Sono tanti, troppi, gli atleti rimasti uccisi. Su tutti i pugili. Poi ciclisti e motociclisti

Non solo Lambrecht. Quella strage silenziosa chiamata passione

È una strage silenziosa, quella degli atleti. Di sport si muore e basta un attimo, quando meno te l'aspetti, che sia gara o allenamento. C'è solo un lungo elenco di vinti, non contano i risultati tantomeno i vincitori. Il fato prende il sopravvento, si compete su un confine così labile che può accadere a chiunque, come al ciclista belga Bjorg Lambrecht, morto lunedì al Giro di Polonia. Aveva 22 anni, pare pedalasse in gruppo a trenta all'ora e la morte era lì dietro l'angolo, nemmeno si fosse lanciato in discesa libera a Kitzbuhel o stesse effettuando un sorpasso avventato sull'asfalto di Assen. Eppure in bici si muore, i ciclisti sono nudi, si reggono su due tubolari da 22 millimetri e l'obbligatorietà del casco permanente è arrivata solo nel 2006, per provare a tamponare l'emorragia. È un'ecatombe silente, come quella dei dieci corridori belgi deceduti negli ultimi dieci anni o la nutrita lista che l'Italia continua a piangere. Dalla disgrazia di Michele Scarponi in allenamento alla discesa funesta di Fabio Casartelli al Tour, senza scordare Ravasio, Galletti, Casarotto e Fazio.

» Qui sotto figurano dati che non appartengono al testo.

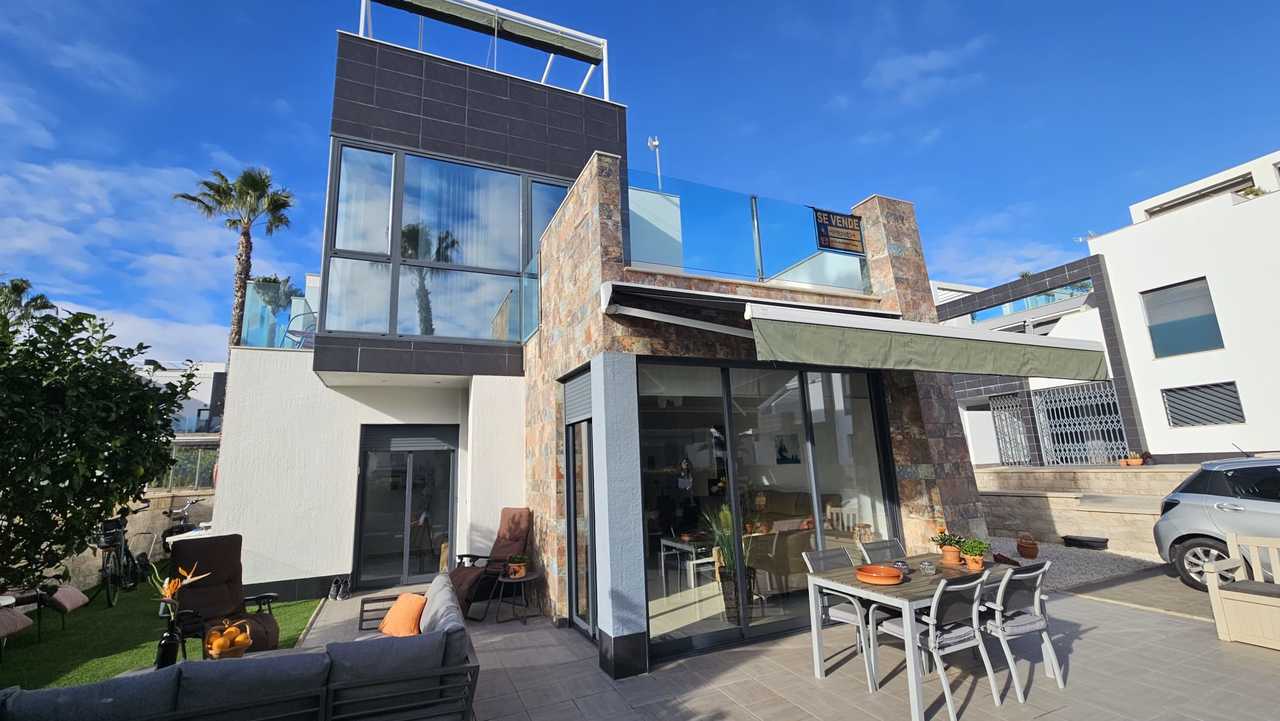 3 Bed, 2 Bath, HouseFor Sale, Cabo Roig, Alicante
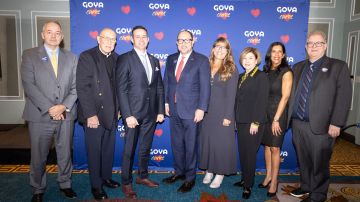 El presidente y director ejecutivo de Goya Foods Bob Unanue (cuarto de izq. a der.), junto a varios de los participantes en la conferencia de prensa de Goya Cares.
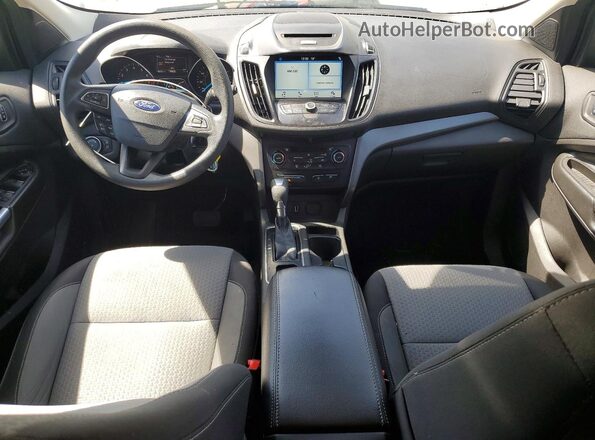 1FMCU0GD7HUC68165 2017 FORD ESCAPE Silver 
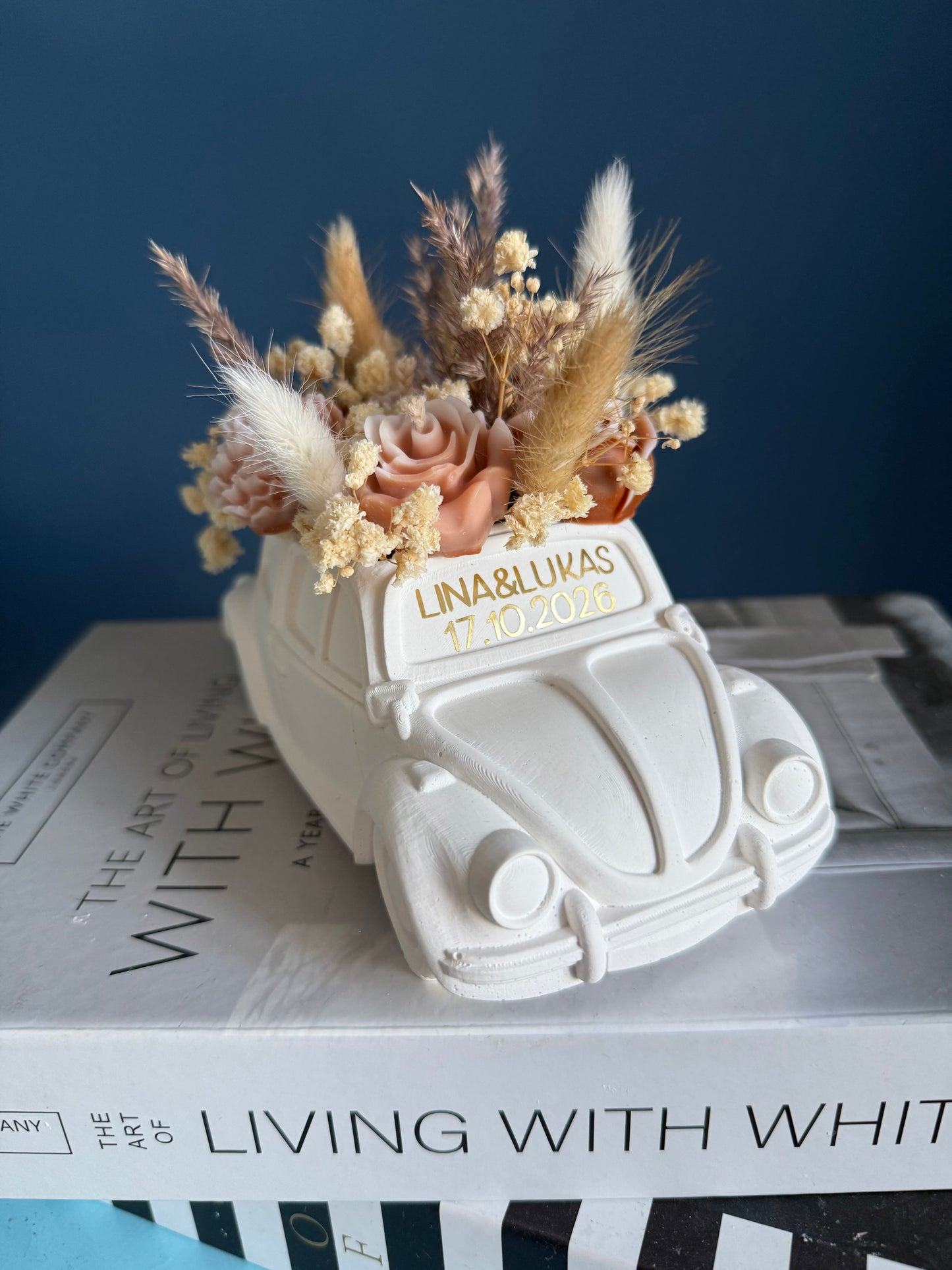 Hochzeitsgeschenk Keramik Auto Käfer Vintage Design mit Trockenblumen und Duftkerzen - THE WEDDING COLLECTION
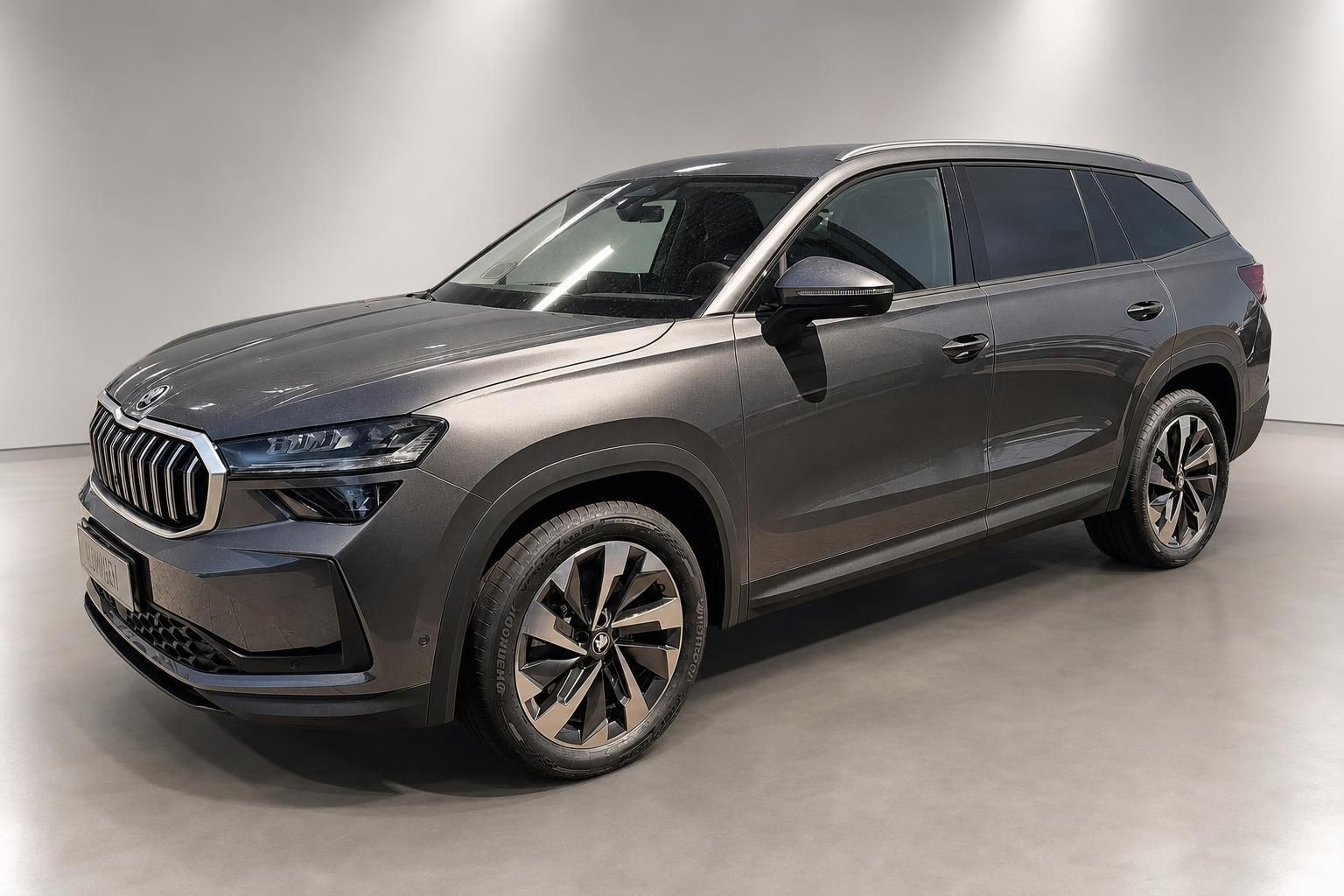Skoda Kodiaq Neuwagen Frontansicht schraeg in braun metallic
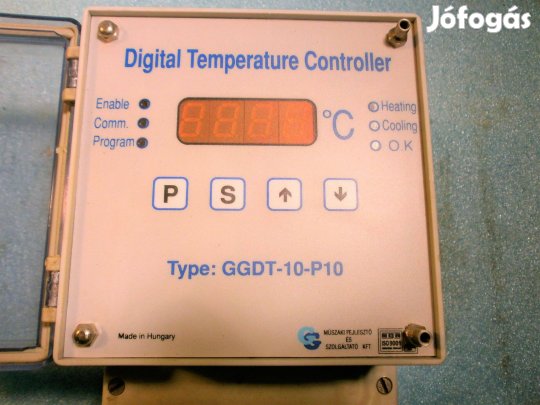 Digitális hőfokszabályzó digitális kijelzővel ( 2703)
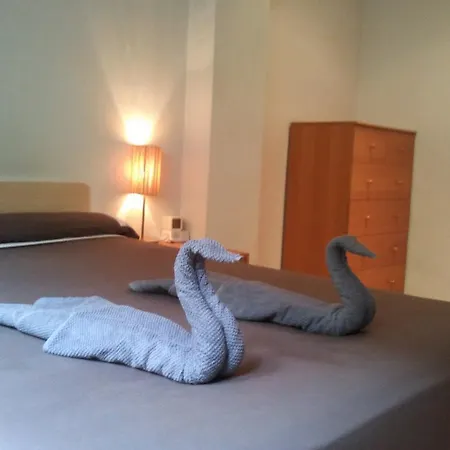 Motorsport Hostel Barcelona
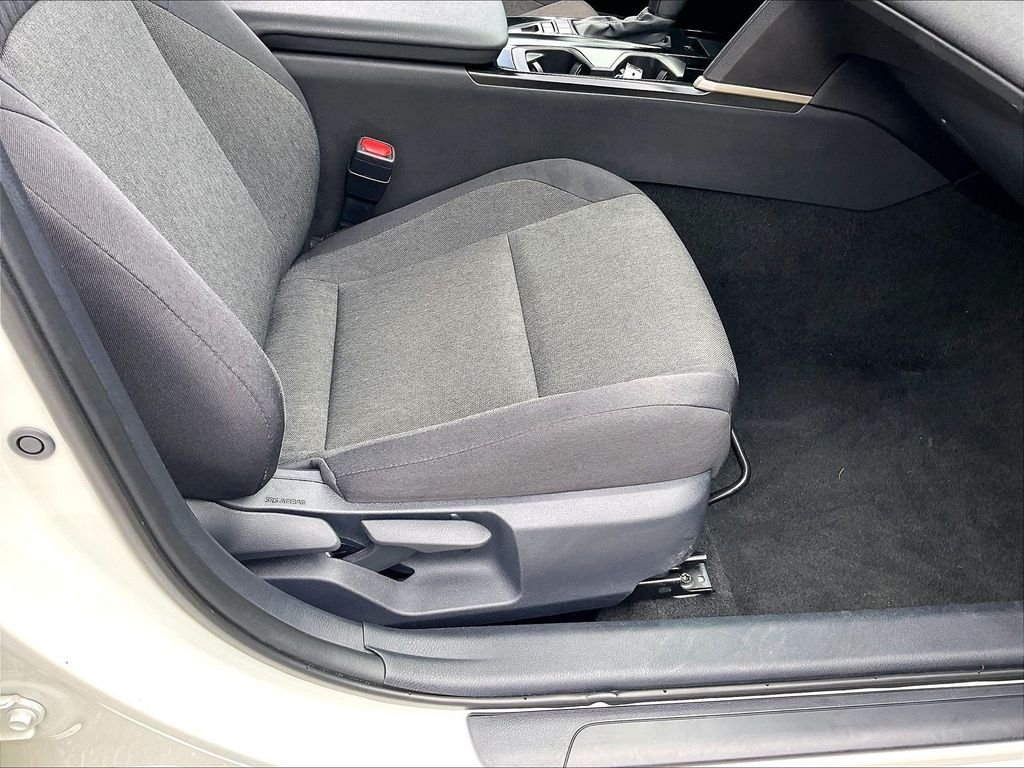 Used 2025 Ice Toyota LE image 36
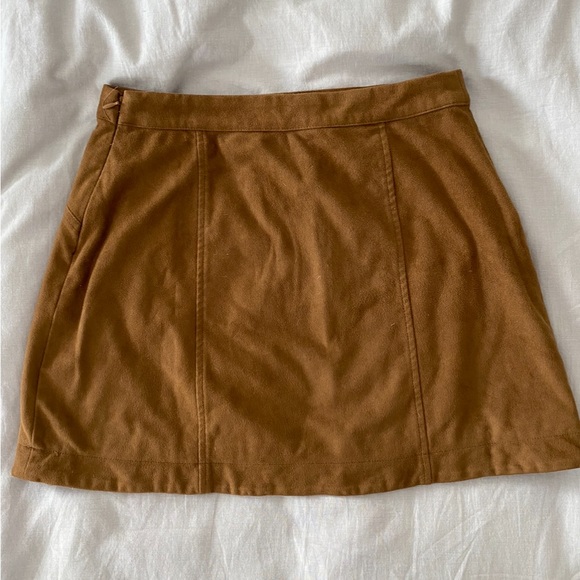Abercrombie fall tan vegan suede mini skirt - Picture 3 of 4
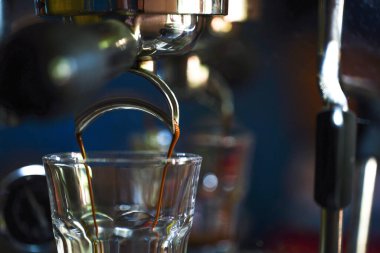 Evdeki makineden kahve yap.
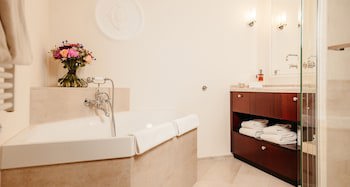 Grand Hotel Karel V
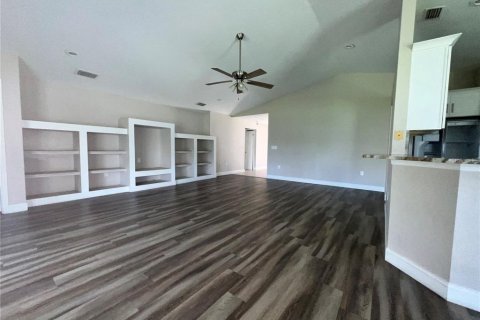 Casa en venta en Auburndale, Florida, 3 dormitorios, 176.89 m2 № 2389452 - foto 18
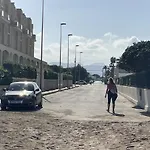 4 Personas, Amplias Terrazas Y 2oo Mt De La Playa Apartamento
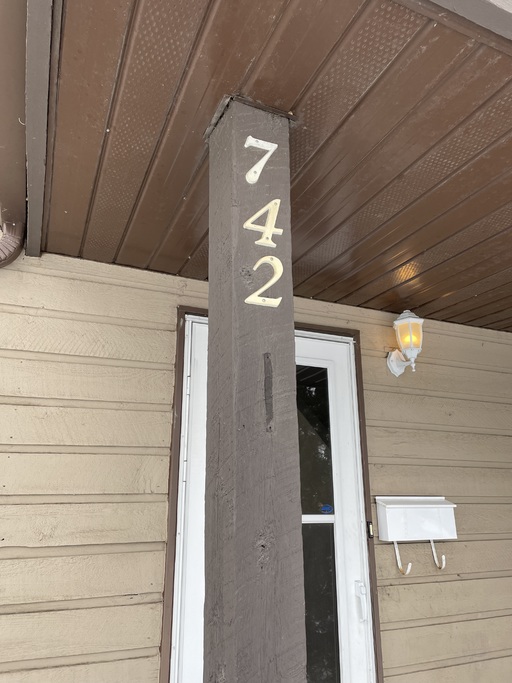 >>> BIG Kitchen * FRESH Paint * LVP Floors * Fully-Upgraded 3-Bedroom Home >>> COME SEE! <<< - Thumbnail 42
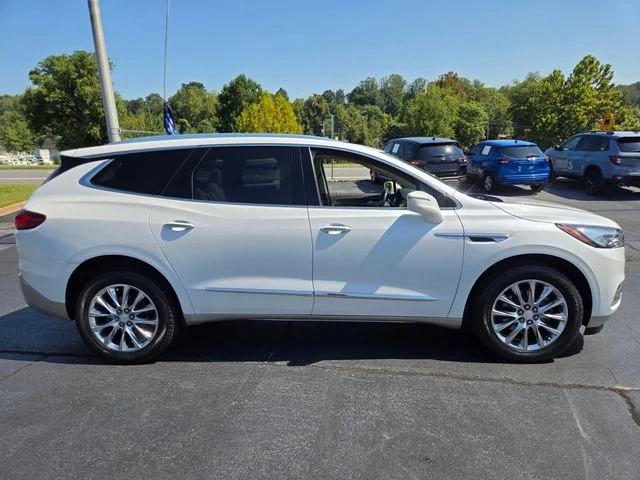 Used 2019 White Buick Premium Group image 9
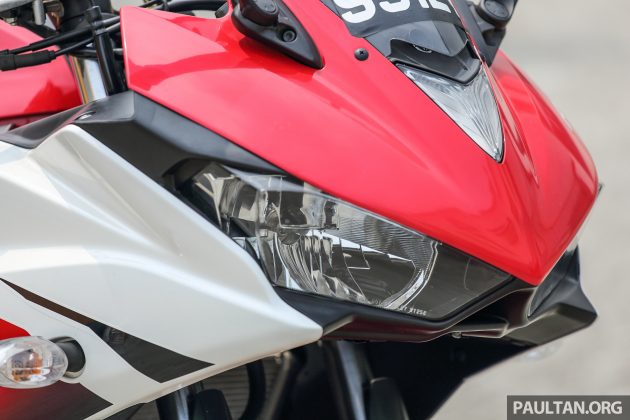 Yamaha_R25_06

La strada occulta le insidie, la velocità estende i rischi di una corsa a tutta, ma per un crudele paradosso uno spazio ristretto finisce per uccidere molto di più. Succede al chiuso, sul quadrato della nobile arte, che solo qualche giorno fa si è portata via due boxeur in un colpo solo. Prima il russo Dadashev poi l'argentino Santillan, entrambi collassati sul ring dopo i rispettivi incontri, passando dal coma alla morte per i durissimi colpi incassati. Senza fermarsi prima che fosse troppo tardi, bensì alzando bandiera bianca davanti alla vita. Il pugilato ha portato al decesso centinaia di sportivi, da quando nel 1865 furono introdotte le regole del marchese di Queensberry, genitrici della boxe moderna. Le riprese sono state ridotte da 15 a 12, ma alla storia restano mazzate fatali, con emorragie cerebrali, traumi irreversibili alla testa ed edemi al cervello. Quella delle lesioni cerebrali è una piaga con cui fa i conti anche chi pratica football americano o rugby, ma anche qui il colpo spesso sfocia in tragedia, come successo l'estate scorsa al rugbista Fajfrowski, deceduto dopo un duro placcaggio, o all'ex centro di Pittsburgh e Kansas Mike Webster, stroncato nel tempo da encefalopatia traumatica cronica proprio per lo sport a cui ha dato tutto.

E poi c'è il calcio, dove si parla meno d'impatto letale perché è il cuore a tradire, a fermare la corsa di chi insegue un pallone, come il nostro Morosini e lo spagnolo Puerta, fino ai misteriosi decessi in camera da letto di Jarque e Astori. Infine la pista, dove respiri l'azzardo e corri contro il tempo per rasentare il pericolo, che ci sia asfalto bagnato o un manto di neve e ghiaccio. Oltre alle imprese, i ricordi di tutti gli appassionati sono segnati dalla sorte beffarda, come quella toccata a Leonardo David a Cortina, ad Ayrton Senna sul circuito di Imola o a Marco Simoncelli nella lontana Sepang.

L'elenco è lunghissimo, lo sport proprio spietato.